YOUR ASSIGNMENT =
Your task is to transcribe the data exactly while omitting each picture.

(Image-backed grounding data)
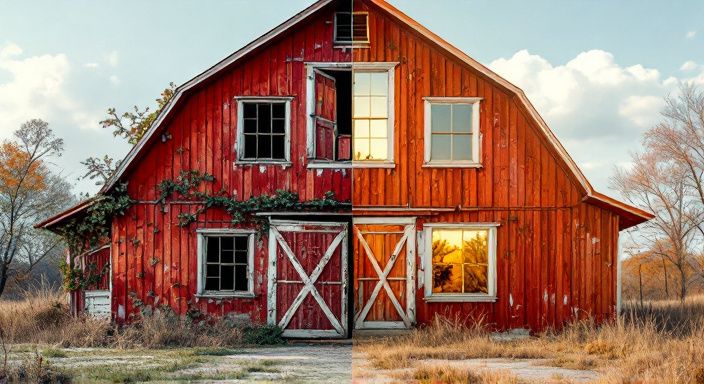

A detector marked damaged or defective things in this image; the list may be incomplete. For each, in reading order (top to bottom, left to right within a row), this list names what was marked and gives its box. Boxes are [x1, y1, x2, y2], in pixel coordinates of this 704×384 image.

broken window [334, 12, 372, 45]
broken window [241, 100, 288, 160]
broken window [310, 69, 352, 162]
broken window [199, 232, 252, 296]
broken window [424, 225, 496, 300]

COMPLETED TASK =
A detector marked damaged or defective things in this image; the list may be incomplete. For each, in reading order (top to bottom, left to right within a row), this list names what was marked and gives its box. Boxes are [x1, y1, x2, y2], in pixel coordinates of this 704×384 image.

broken window [334, 12, 372, 45]
broken window [241, 100, 288, 160]
broken window [310, 69, 352, 162]
broken window [199, 232, 252, 296]
broken window [424, 225, 496, 300]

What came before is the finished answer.